Contented Countryside Life
When we moved back to a rural life, in the Peak District, I had it sussed. “Here we are, back to mediocrity”, I said. For certain, I now have to apologise. Yet, I must not be too fulsome. The bins and waste food collection is the worst we have experienced in over 20 years. Finding what you want in the shops can be dire. Shops and cafes also close at absurd times, like 2pm. Self praise is everywhere; we supply the finest fish and chips in the UK. They don’t, they were ordinary, soggy chips. The best one is, “All day opening” for which follows, “Open 12 to 9pm.” However, something has impacted on me and this is amply described as contented countryside life.

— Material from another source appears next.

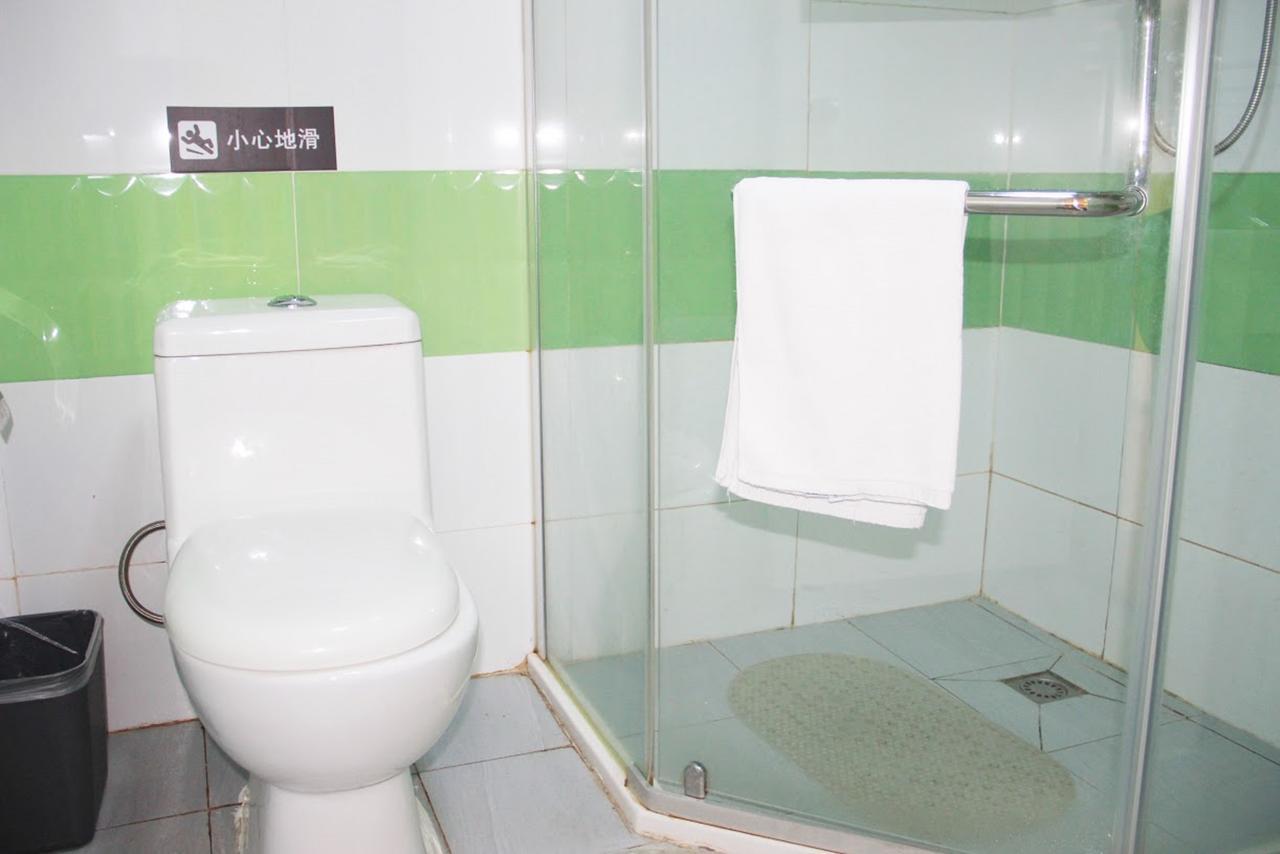 7Days Inn Yunfu Luoding Central Dış mekan fotoğraf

Brown cow eyes is a fair description of me, but what about the real bovines. For certain, they come in so many colours and types. Here, they are often found in remote stone walled fields. These fields are linked by green roads, these also stone walled and filled with wildflowers. Consequently, the cows are isolated from our noisy, oil fueled world. They also have community. You find them, in a corner of a field, clumped tightly together. They lick everything and not least their calves. Sometimes, in a field golden with buttercups, as in my photo, they chew the cud in silence, and the world appears a very beautiful place.

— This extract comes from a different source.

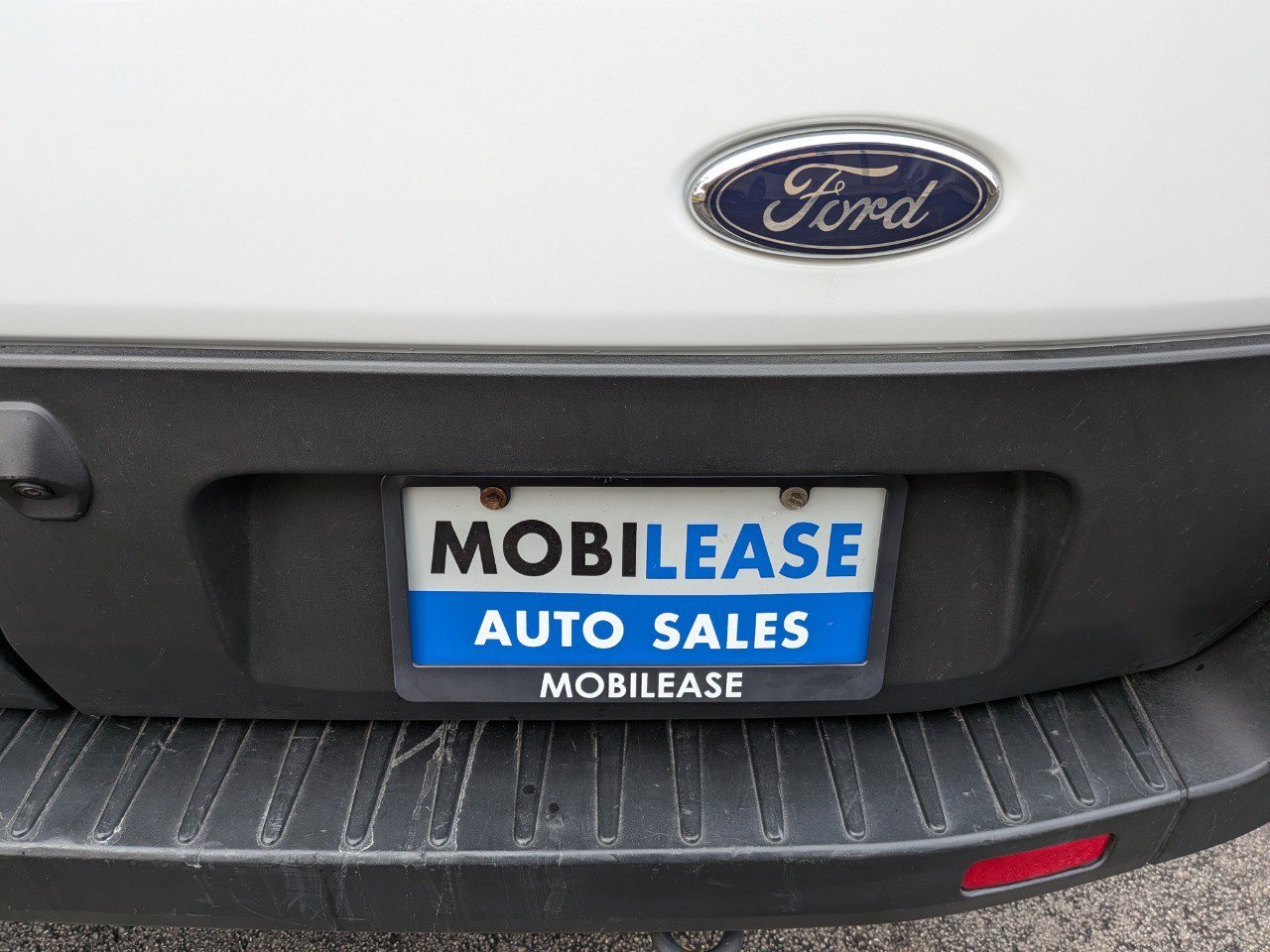 Used 2024 Ford Transit 250 w/ Exterior Upgrade Package image 38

Contented countryside life
Consequently, I find Ann and I leaning on a gate, peering into a field. It is warm, the cows are given hell by the flies (did God create those?) However, the word content does not do them justice. Their coats glow with health. In amongst them is the bull, a creature of ridiculous glory. He is huge, all bulging muscles, constantly sniffing various members of his harem. He took it further as all about lie his progeny, the calves. They look adorable and stare at us in all innocence. “What is this life if full of care, we have no time to stand and stare”. Yes, I learnt that poem by Welshman W.H.Davies in my schooldays. Here I am, in sheer contentment, in the countryside. Its a revelation!